HISTORIAS PARA DESCOLONIZAR EL PENSAMIENTO

STORIES TO DECOLONIZE THOUGHT

Leslão, J.. (2015). A princesa e a costureira.Rio de Janeiro: Metanoia.

No final de 2015 fomos presenteada(o)s com o lançamento do livro infanto-juvenil A princesa e a costureira, o primeiro conto de fadas brasileiro que narra uma história de amor entre suas protagonistas. O livro conta a história da princesa Cíntia, moradora do reino de EntreRios, prometida em casamento para o príncipe do reino vizinho. Preocupada com a fixidez e inexorabilidade da promessa, sua fada madrinha resolve lançar um encantamento no dia do nascimento de Cíntia. Nele, a princesa somente se casaria com a pessoa pela qual estivesse, de fato, apaixonada. Para tanto, receberia um sinal - um toque em suas costas. Até aí uma história como outra qualquer, não fosse o encantamento estipulado pela fada que barra o ordenamento pretensamente natural dos acontecimentos. Esse gesto é responsável por mudar o rumo da narrativa que há séculos é contada para as crianças: quem toca as costas da princesa e a faz enamorar-se não será o príncipe, mas sim a costureira responsável por confeccionar seu vestido de casamento, Isthar. O momento em que isso acontece é assim descrito pela autora, a psicóloga e escritora Janaína Leslão:

Uma luz tomou conta de todo o ambiente. Um redemoinho de vento se formou na sala, girando Cíntia e Isthar junto com as flores que ali estavam. As duas deram-se as mãos por medo e, passado o susto, continuaram assim, girando e sorrindo, desfrutando da magia daquele encontro. (Leslão, 2015Leslão, J. (2015). A princesa e a costureira. Rio de Janeiro: Metanoia., p. 17)

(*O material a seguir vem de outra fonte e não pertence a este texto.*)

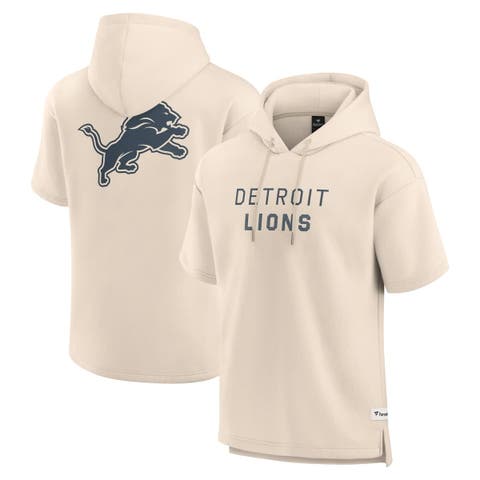 Men's Fanatics Cream Detroit Lions Elements Future Ground Lettering Short Sleeve Pullover Hoodie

A trama, a partir daí, consiste nas tentativas de ambas de provar que aquilo que sentiam era “tão amor quanto outros amores” (p. 19). Para isso, enfrentam desafios, são encerradas em altas e obscuras torres, jogadas na lama, isoladas e quase vencidas, não fosse a obstinação em fazer valer a dignidade do sentimento vivido e a solidariedade de algumas pessoas em auxiliá-las: parentes, comunidade, o próprio príncipe para o qual Cíntia estava destinada. A narrativa, pois, é feita de agenciamento e resistência e vale ler o livro para saber como a princesa e a costureira conseguem criar brechas e convencer a toda(o)s de que seu amor é tão legítimo quanto os demais.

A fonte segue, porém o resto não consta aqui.